| What is being asked |
Leave every picture out, and write out the remaining entries exactly.

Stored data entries
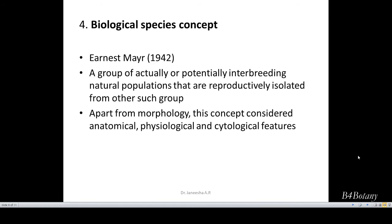The fourth one is the biological species concept. This is the definition we studied earlier, proposed by Ernst Mayr. According to the biological species concept, a species is a group of actually or potentially interbreeding natural populations that are reproductively isolated from other such groups.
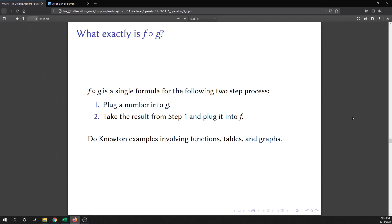In this video we are going to talk a little bit more about the composition F of G, and then how to work some of the Newton problems. So first, what is F of G? F of G is a single formula for the following two-step process.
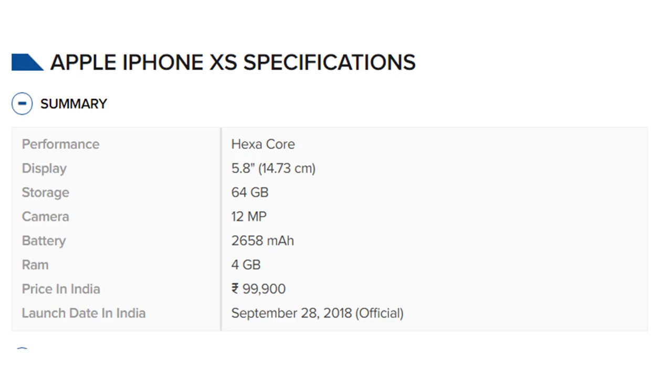Apple iPhone XS specifications summary. Performance: Hexa-core. Display: 5.8 inches, 14.73 centimeters. Storage: 64 gigabytes. Camera: 12 megapixel. Battery: 2658 mAh.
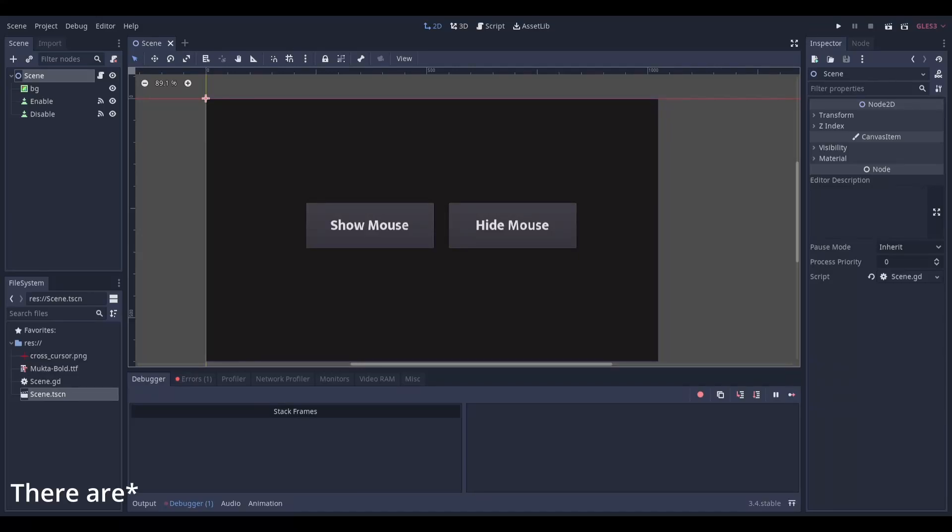Many situations where you may want to hide the mouse cursor, however for this tutorial I'll just be linking it to a button.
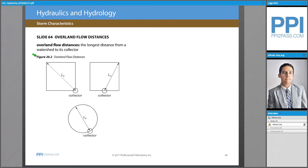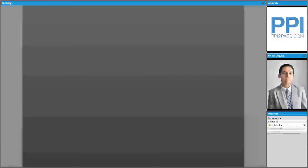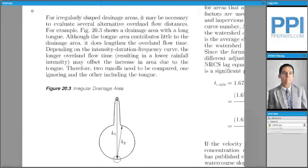An exam problem may require the examinee to find an overland flow length to estimate the time of concentration for a given watershed. So now let's take a look at figure 20.3 of CIRM and an example on how to evaluate an irregular drainage area.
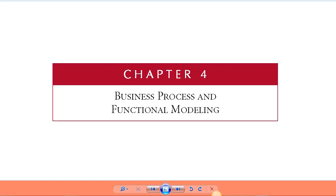Welcome to Chapter 4, Business Processes and Functional Modeling. We are in the analysis phase of the software development lifecycle, and during this phase we're going to be answering questions like who is going to be using the system, what the system should be doing, and where and when it will be used. We spent some time gathering requirements by one-on-one interviews, group interviews, or maybe even document analysis.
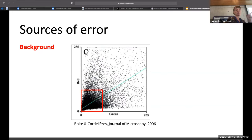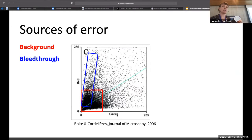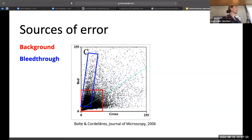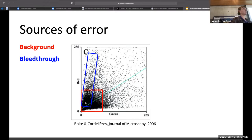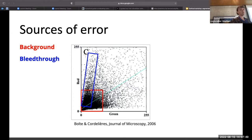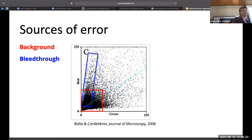Sources of error for co-localization: you have all this background that's going to affect your Pearson correlation coefficient. You can also have bleedthrough, which often looks like highly correlated signal at a shallow slope. As red signal increases, you see linearly increasing green signal — because filters don't completely block red light. When setting background thresholds, you may be excluding those bleedthrough regions, or you can try a fancy spectral subtraction, but it won't be perfect.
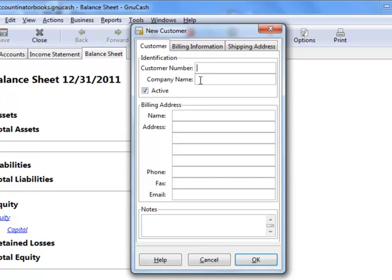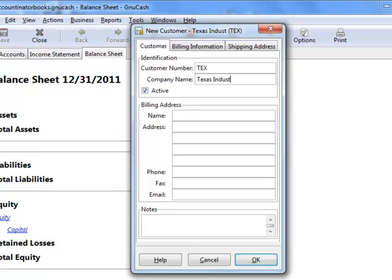So for example, I'm going to use TEX for Texas Industries, and the name of the company, again, is Texas Industries.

| Reply |
The fourth one is the biological species concept. This is the definition we studied earlier, proposed by Ernst Mayr. According to the biological species concept, a species is a group of actually or potentially interbreeding natural populations that are reproductively isolated from other such groups.
In this video we are going to talk a little bit more about the composition F of G, and then how to work some of the Newton problems. So first, what is F of G? F of G is a single formula for the following two-step process.
Apple iPhone XS specifications summary. Performance: Hexa-core. Display: 5.8 inches, 14.73 centimeters. Storage: 64 gigabytes. Camera: 12 megapixel. Battery: 2658 mAh.
Many situations where you may want to hide the mouse cursor, however for this tutorial I'll just be linking it to a button.
An exam problem may require the examinee to find an overland flow length to estimate the time of concentration for a given watershed. So now let's take a look at figure 20.3 of CIRM and an example on how to evaluate an irregular drainage area.
Welcome to Chapter 4, Business Processes and Functional Modeling. We are in the analysis phase of the software development lifecycle, and during this phase we're going to be answering questions like who is going to be using the system, what the system should be doing, and where and when it will be used. We spent some time gathering requirements by one-on-one interviews, group interviews, or maybe even document analysis.
Sources of error for co-localization: you have all this background that's going to affect your Pearson correlation coefficient. You can also have bleedthrough, which often looks like highly correlated signal at a shallow slope. As red signal increases, you see linearly increasing green signal — because filters don't completely block red light. When setting background thresholds, you may be excluding those bleedthrough regions, or you can try a fancy spectral subtraction, but it won't be perfect.
So for example, I'm going to use TEX for Texas Industries, and the name of the company, again, is Texas Industries.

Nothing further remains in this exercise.